Government 'understands importance' of hospitality
Maintained funding for Tourism Australia and industry development programs in the 2014-15 federal budget will ensure Australia's largest service export sector continues to grow, according to peak industry association Restaurant & Catering Australia (R&CA).
R&CA CEO John Hart says the increased funding for Tourism Australia announced in the budget along with commitments to Australia Week in China and the return the T-Qual Accreditation Programme to industry demonstrates the government's understanding of the economic importance of the sector.
"Australia's tourism and hospitality sector is the country's largest export services sector, contributing $128 billion to the economy each year. Tourism is tipped to be one of the world's fastest growing sectors by 2033, growing 10 percent faster than global gross domestic product. With an annual growth rate of 4 percent, the sector will more than double over the next two decades," said Hart.

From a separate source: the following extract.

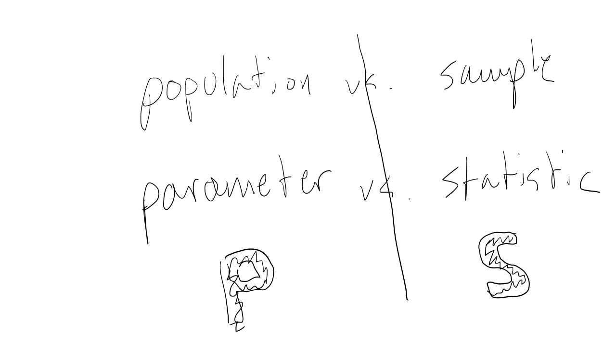So remember, we get parameters from populations and statistics from samples. This is easy to remember because population and parameter both start with P, and sample and statistic both start with S.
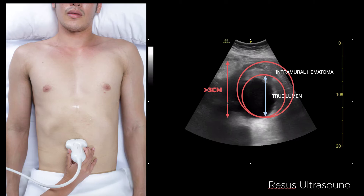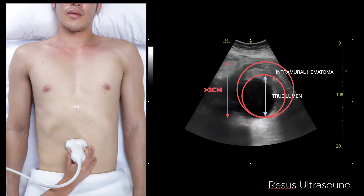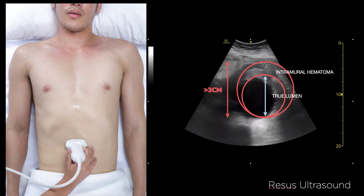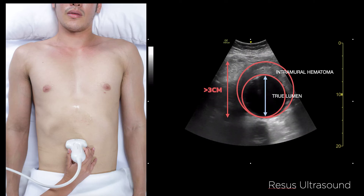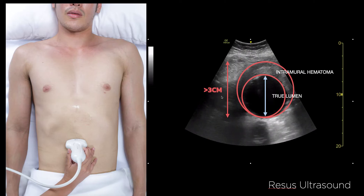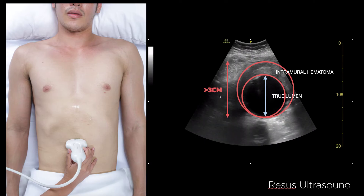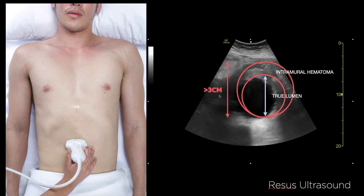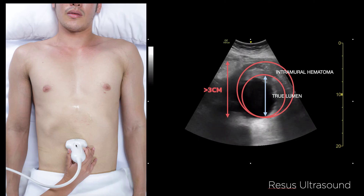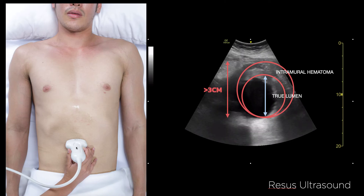Look carefully to see the hematoma and measure from outer wall to outer wall. As you can see here, this measures about five-point-five centimeters. If the diameter is more than three centimeters, it means the patient has Triple-A. If the diameter goes up to five centimeters, the mortality doubles.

"A 'build-it-and-they-will-come' model for tourism simply does not work – consistent and constant marketing is needed to turn intention to travel into bums on seats, particularly from our major source markets in Asia.
"Tourism Australia is a global leader in tourism marketing, and is world renowned for its creative and innovative campaigns. Without its efforts, the country would not see the influx of 6.5 million visitors spending $28.9 billion on our shores each year," said Hart.
Hart said he was pleased recommendations from the National Commission of Audit had not been adopted, which would have seen funding for tourism halved and residual functions of Tourism Australia moved into a commercial arm of the Department of Foreign Affair and Trade.
"Tourism Australia has the full support of industry because it remains commercially focused at arm's length from government. Its Restaurant Australia campaign is a key example of the global reach these campaigns can have when this organisation partners with the private sector and is left to innovate. This would not be the case if it was a puppet of the Department of Foreign Affairs and Trade," said Hart.
Hart said the decision to transition the T-Qual Accreditation Programme to industry was a sensible one in ensuring the sector continues to deliver quality tourism experiences to market.
"This is the premise of the There's Nothing Like Australia campaign of which Restaurant Australia is a key component – promoting the best tourism and hospitality experiences Australia has to offer. Industry needs to drive quality assurance if we are going to continue to deliver on this brand promise.
"The industry has received assurances tonight that we can get on with the task of growing the visitor economy, supporting jobs in tourism and hospitality businesses across regional and metropolitan Australia."